The Libyan government on Tuesday said it was open to political reforms but rejected Western demands that country’s strongman Muammar Qadhafi step down, saying he was a unifying force and must stay in power to avoid a Somalia or Iraq-style power vacuum.

Mr. Qadhafi’s spokesman Mussa Ibrahim said that everything except the exit of the Libyan leader was negotiable, in first concrete comments from the beleaguered regime whose forces have been hit relentlessly by Western missiles and air strikes for weeks.

“The kind of political system which can be implemented in the country is negotiable.

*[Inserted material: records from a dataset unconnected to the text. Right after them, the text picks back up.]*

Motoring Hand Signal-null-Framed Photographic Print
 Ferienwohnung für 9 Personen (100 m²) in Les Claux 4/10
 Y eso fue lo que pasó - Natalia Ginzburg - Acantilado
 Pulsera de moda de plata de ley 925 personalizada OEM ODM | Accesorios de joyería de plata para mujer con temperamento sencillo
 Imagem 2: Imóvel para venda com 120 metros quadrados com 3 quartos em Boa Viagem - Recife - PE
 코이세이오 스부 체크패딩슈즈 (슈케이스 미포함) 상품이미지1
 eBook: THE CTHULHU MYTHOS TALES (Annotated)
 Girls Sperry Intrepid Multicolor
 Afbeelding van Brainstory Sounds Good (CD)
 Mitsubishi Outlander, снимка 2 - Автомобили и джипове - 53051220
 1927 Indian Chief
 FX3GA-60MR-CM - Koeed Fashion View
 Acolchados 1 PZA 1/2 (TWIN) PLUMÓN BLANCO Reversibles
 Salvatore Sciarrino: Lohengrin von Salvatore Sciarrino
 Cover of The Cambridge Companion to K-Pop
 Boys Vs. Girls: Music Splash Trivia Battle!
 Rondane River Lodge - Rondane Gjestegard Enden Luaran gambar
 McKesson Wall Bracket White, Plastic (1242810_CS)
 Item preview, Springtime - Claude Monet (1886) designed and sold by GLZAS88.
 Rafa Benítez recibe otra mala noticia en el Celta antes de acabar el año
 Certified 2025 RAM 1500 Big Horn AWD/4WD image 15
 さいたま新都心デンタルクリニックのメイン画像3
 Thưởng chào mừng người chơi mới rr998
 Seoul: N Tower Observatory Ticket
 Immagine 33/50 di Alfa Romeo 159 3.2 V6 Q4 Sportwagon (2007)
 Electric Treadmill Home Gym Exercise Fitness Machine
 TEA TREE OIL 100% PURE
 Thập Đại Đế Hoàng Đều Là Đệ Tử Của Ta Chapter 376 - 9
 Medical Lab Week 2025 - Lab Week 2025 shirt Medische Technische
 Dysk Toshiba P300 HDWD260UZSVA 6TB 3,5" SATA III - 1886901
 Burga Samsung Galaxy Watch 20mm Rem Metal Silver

We can talk about it,” he told reporters in the capital as rebel forces made a renewed push to recapture the oil town of Brega and the U.S. military withdrew its fighter jets from an international air campaign over the war-torn north African country.

Quoting rebel spokesman, Al-Jazeera said, opposition forces had managed to push into the town seizing half of it.

The control of the oil town is vital to rebel stakes as the capture of the oil pipeline terminus, small refinery and the Mediterranean port could boost the opposition hunt for revenues.

The pan-Arab channel said the rebel forces stormed into the city after U.S. and allied air strikes had hit Mr. Qadhafi’s defending tank column.

“The rebels are in the streets of new Brega, a largely residential town separated from the city’s oil refinery by a stretch of highway,” the Al-Jazeera said.

The firm comment by the Libyan government spokesman that Mr. Qadhafi would not quit came after opposition rebels flatly rejected a reported peace deal that could have seen the dictator’s son Seif-ul-Islam taking over.

Terming Mr. Qadhafi as the “safety valve”, the Libyan spokesman said his stay in power in the country was essential for the unity of nation’s tribes and peoples.



“His (Qadhafi) presence is a must to lead Libya to any transition to a democratic and transparent model,” Mr. Ibrahim said.

Mr. Ibrahim also brushed aside allegations that Mr. Qadhafi’s forces were committing atrocities on civilians.

“We are fighting armed militia and you are not civilian if you take up arms against the state,” he said.

The Libyan strongman, after missing for weeks, made his first public appearance Monday when he greeted supporters at his Bab Al-Aziziya residence, the Libyan national TV reported.

Simultaneously, his son Seif, long seen as Qadhafi’s successor, gave an interview to BBC in a Tripoli hotel where he said the defected foreign minister Mussa Kussa had not betrayed Mr. Qadhafi, but had left the country for health reasons.

Seif said Kussa was being pressurised into making allegations against Mr. Qadhafi and Libya in an effort to secure immunity from prosecution, BBC reported.

Mr. Qadhafi’s son said the Libyan Foreign Minister was allowed to leave the country and denied that Kussa knew incriminating details about the Lockerbie bombings and other details.